DIRECTIONS FOR THIS TASK: Nothing but an exact repeat of the data, with pictures removed, belongs in the answer.

DATA BELOW:

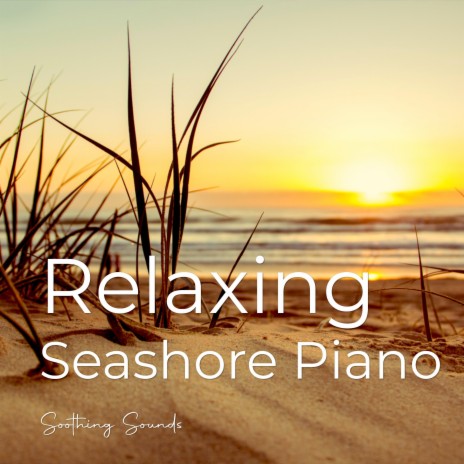 Relaxing Seashore Piano | Boomplay Music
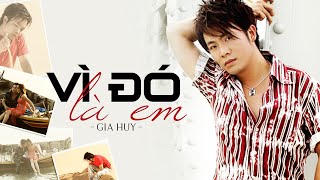 Vì Đó Là Em - Gia Huy Asia (Official Lyric MV)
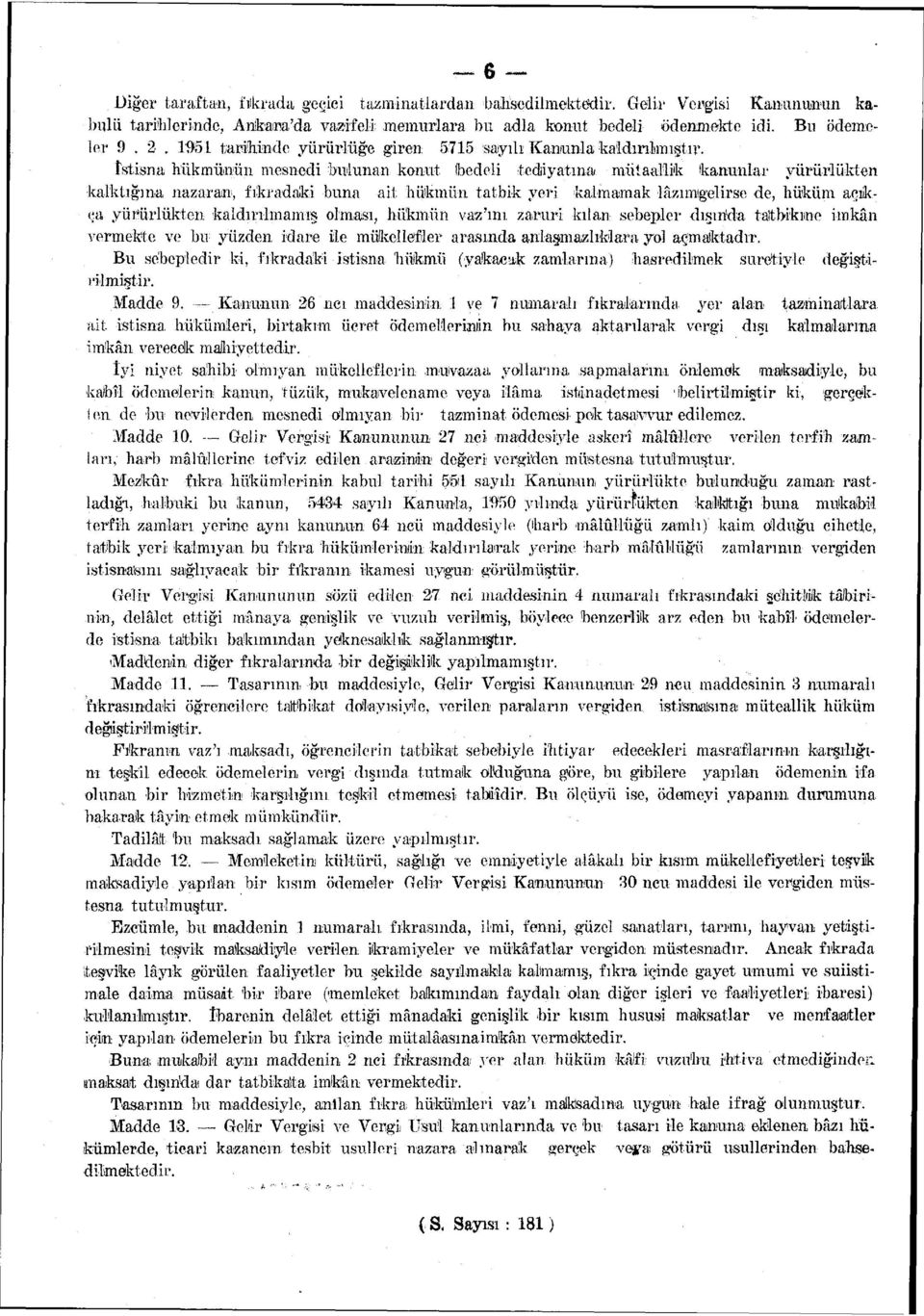 îstisna hükmünün mesnedi bulunan konut (bedeli tediiyatına mütaallik kanunlar yürürlükt kalktığına nazaran, 'fıkradaki buna ait hükmün tatbik yeri kalmamak lâzımıgelirse de, hüküm açıkça yürürlükt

REPLY:
 Relaxing Seashore Piano | Boomplay Music
 Vì Đó Là Em - Gia Huy Asia (Official Lyric MV)
 îstisna hükmünün mesnedi bulunan konut (bedeli tediiyatına mütaallik kanunlar yürürlükt kalktığına nazaran, 'fıkradaki buna ait hükmün tatbik yeri kalmamak lâzımıgelirse de, hüküm açıkça yürürlükt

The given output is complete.